(Scraped caption text data)
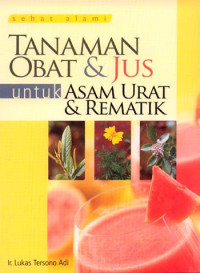 Image of tanaman obat dan jus untuk asam urat dan rematik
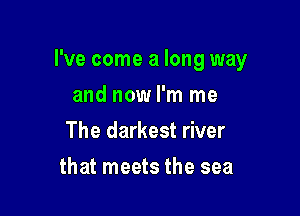 I've come a long way

and now I'm me
The darkest river
that meets the sea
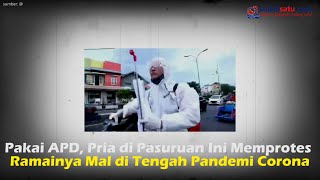 Pakai APD, Pria di Pasuruan Ini Memprotes Ramainya Mal di Tengah Pandemi Corona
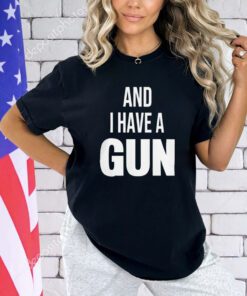 And i have a gun shirt black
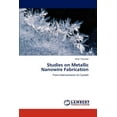 thumbnail image 1 of Studies on Metallic Nanowire Fabrication (Paperback), 1 of 1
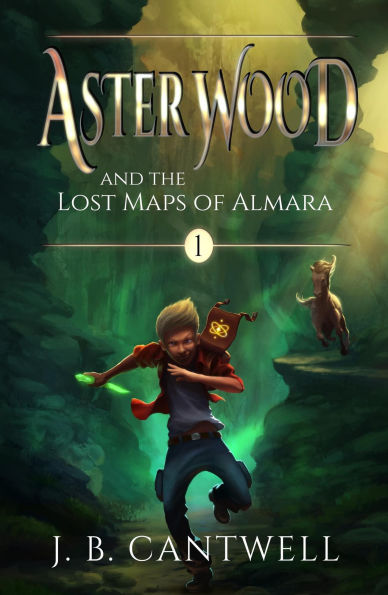 Aster Wood and the Lost Maps of Almara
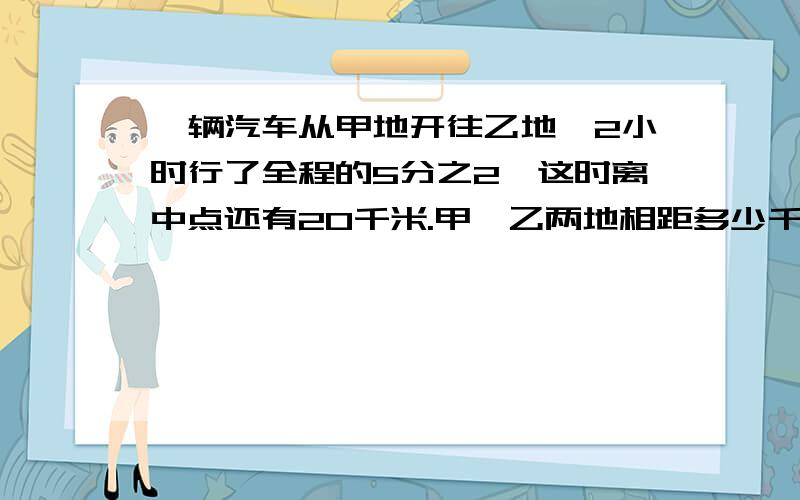 一辆汽车从甲地开往乙地,2小时行了全程的5分之2,这时离中点还有20千米.甲、乙两地相距多少千米?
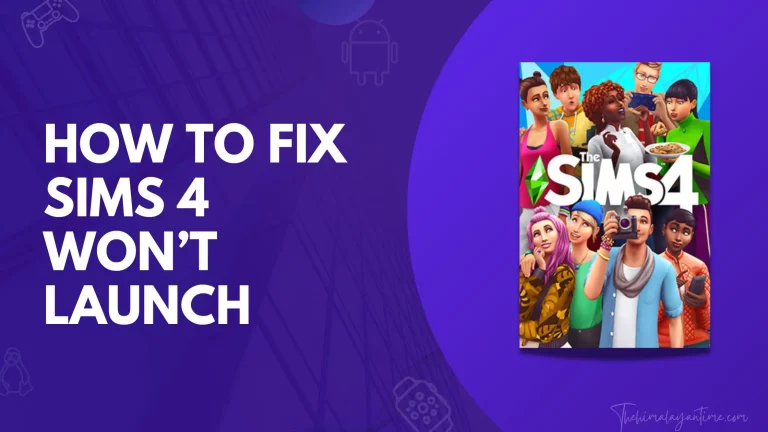 How To Fix Sims 4 Won’t Launch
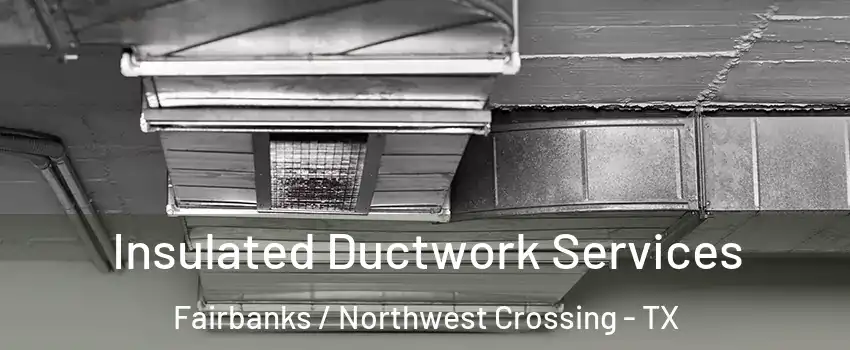 Insulated Ductwork Services Fairbanks / Northwest Crossing - TX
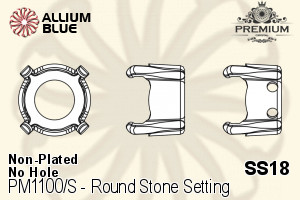 PREMIUM Round Stone Setting (PM1100/S), No Hole, SS18 (4.2 - 4.4mm), Unplated Brass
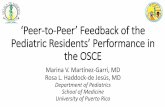 Peer to peer feedback of the pediatric residents’ performance in the osce · 2020-06-11 · ‘Peer-to-Peer’ Feedback of the Pediatric Residents’ Performance in the OSCE Marina
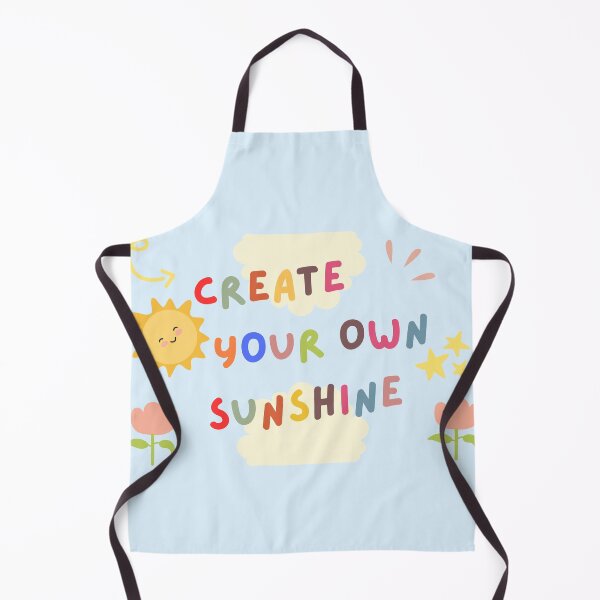 Item preview, create your own sunshine designed and sold by Taloory.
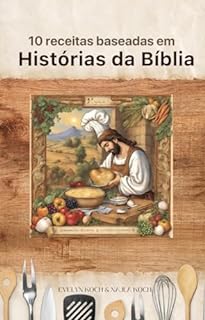 10 Receitas baseadas em Histórias da Bíblia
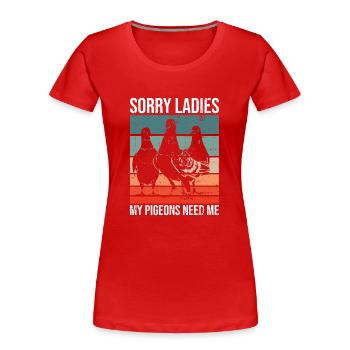 Taubenzüchter Und Taubenzüchter - T-shirt bio Premium Femme - rouge - Devant - Mia (176cm)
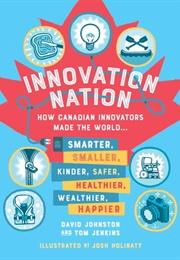 Innovation Nation: How Canadian Innovators Made the World (David Johnston)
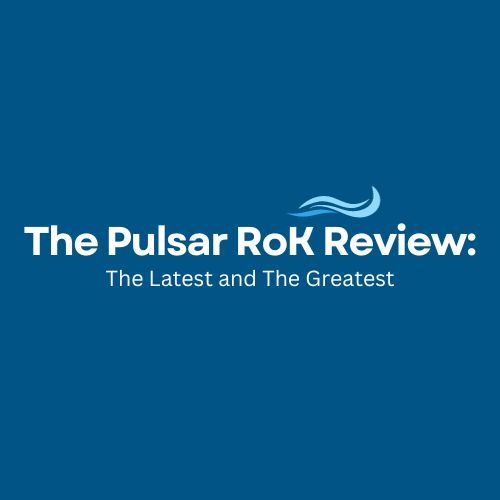 The Pulsar RoK Review: The Latest and The Greatest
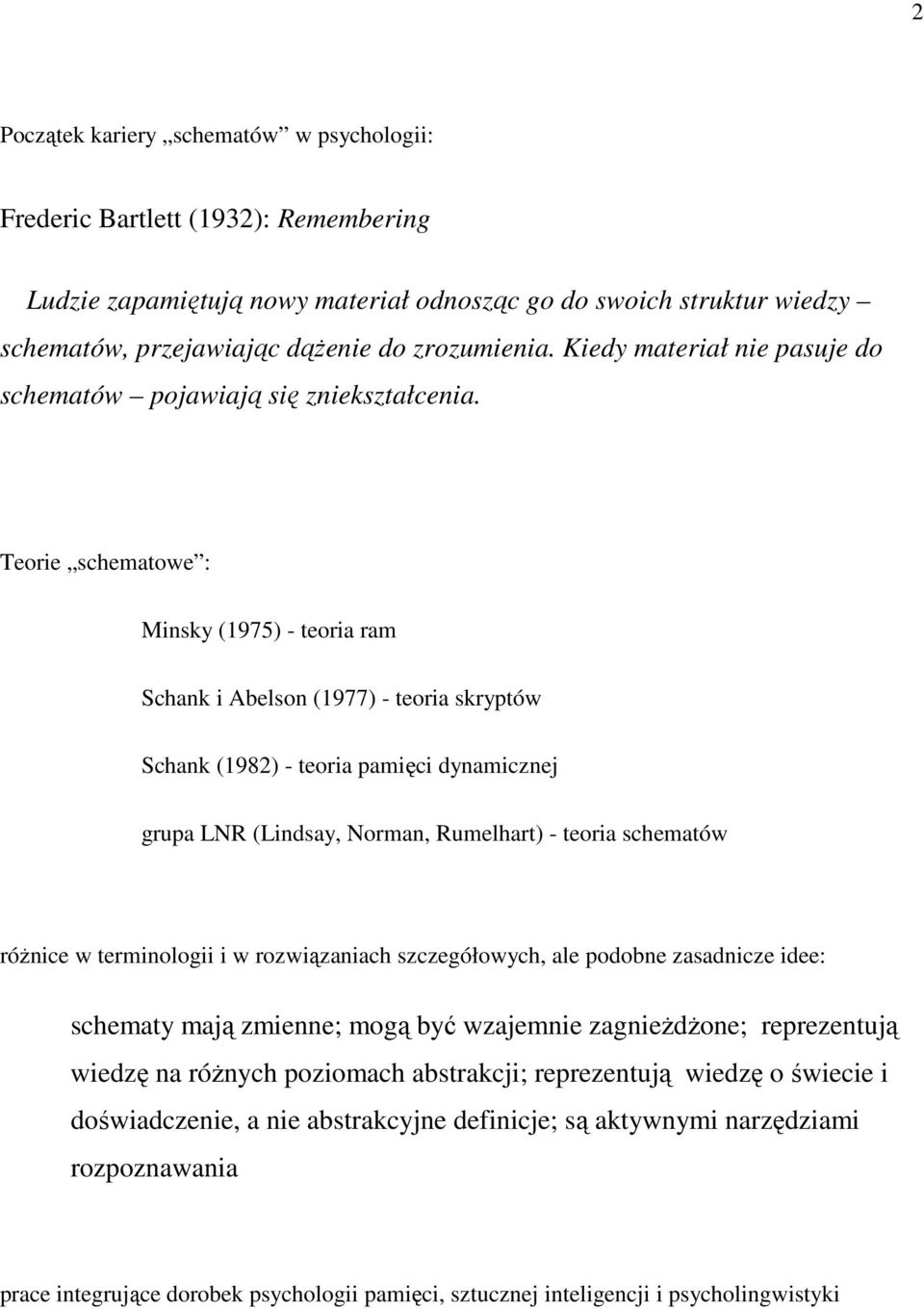 Teorie schematowe : Minsky (1975) - teoria ram Schank i Abelson (1977) - teoria skryptów Schank (1982) - teoria pamięci dynamicznej grupa LNR (Lindsay, Norman, Rumelhart) - teoria schematów róŝnice w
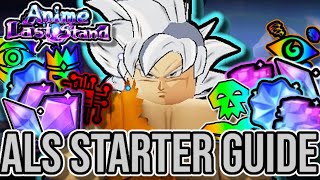 The ULTIMATE Starter Guide In Anime Last Stand!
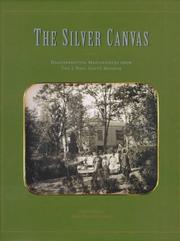 Cover of: The Silver Canvas  by J. Paul Getty Museum., Bates Lowry, Isabel Lowry, Bates Lowry, Isabel Lowry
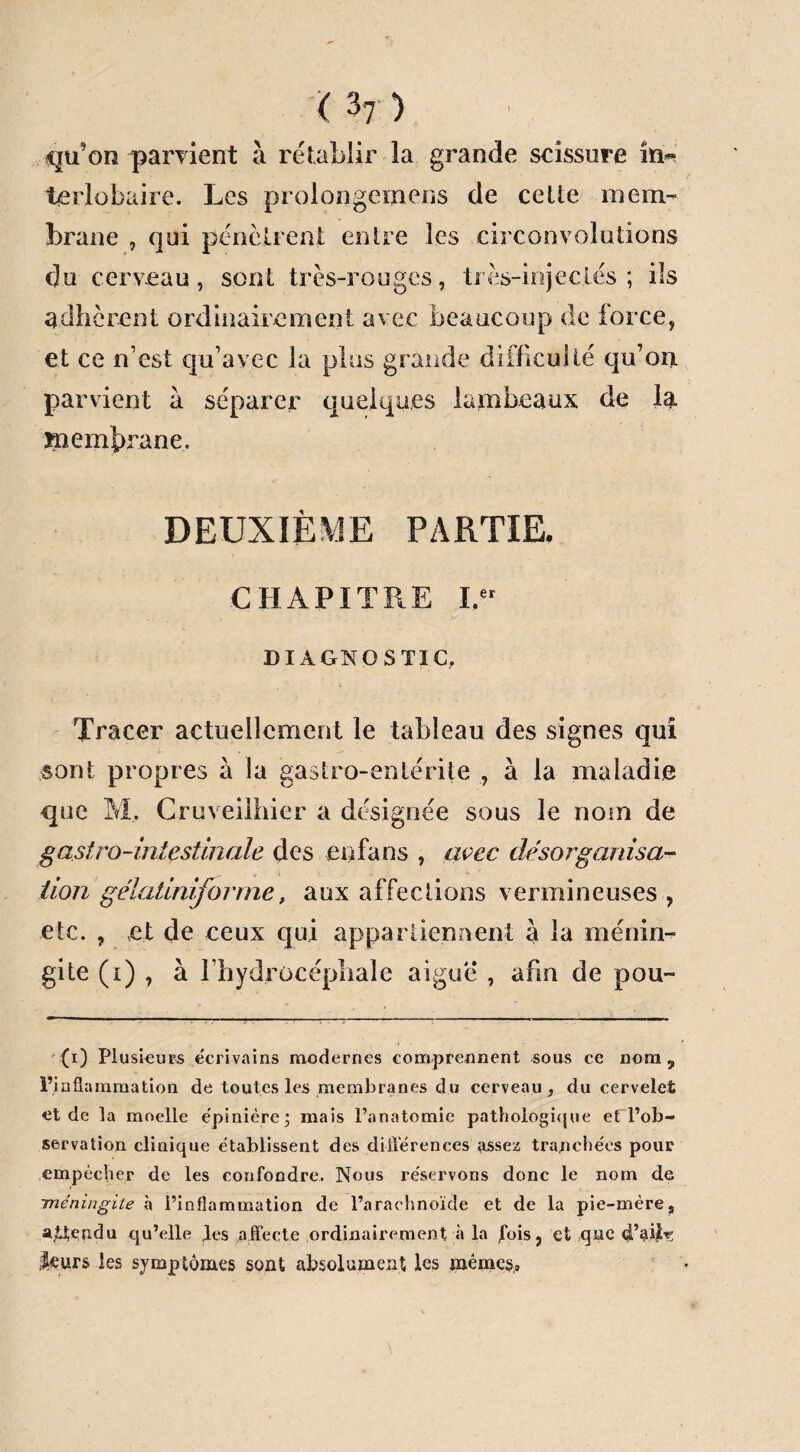 ( h) qu’on parvient à rétablir la grande scissure in¬ terlobaire. Les prolongemens de cette mem¬ brane , qui pénétrent entre les circonvolutions du cerveau, sont très-rouges, très-injectés; ils adhèrent ordinairement avec beaucoup de force, et ce n’est qu’avec la plus grande difficulté qu’ont parvient à séparer quelques lambeaux de la membrane. DEUXIÈME PARTIE. CHAPITRE I.er DIAGNOSTIC, Tracer actuellement le tableau des signes qui sont propres a la gastro-entérite , à la maladie que M, Cruveilhier a désignée sous le nom de gastro-intestinale des en fa ns , avec désorganisa¬ tion gélatiniforme, aux affections vermineuses , etc. , et de ceux qui appartiennent a la ménin¬ gite (i) , à l’hydrocéphale aigue , afin de pou- (i) Plusieurs écrivains modernes comprennent sous ce nom, l’inflammation de toutes les membranes du cerveau, du cervelet et de la moelle épinière; mais l’anatomie pathologique et l’ob- servatîon clinique établissent des différences assez tranchées pour empêcher de les confondre. Nous réservons donc le nom de méningite à l’inflammation de l’arachnoïde et de la pie-mère, attendu qu’elle les affecte ordinairement à la fois, et que d’aile leurs les symptômes sont absolument les mêmes.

THE PROBLEM
Output exactly the lines from the first line of the records through the line containing "And i have a gun shirt black". Leave out every picture.

WRITTEN RESPONSE
 Image of tanaman obat dan jus untuk asam urat dan rematik
 I've come a long way

and now I'm me
The darkest river
that meets the sea
 Pakai APD, Pria di Pasuruan Ini Memprotes Ramainya Mal di Tengah Pandemi Corona
 And i have a gun shirt black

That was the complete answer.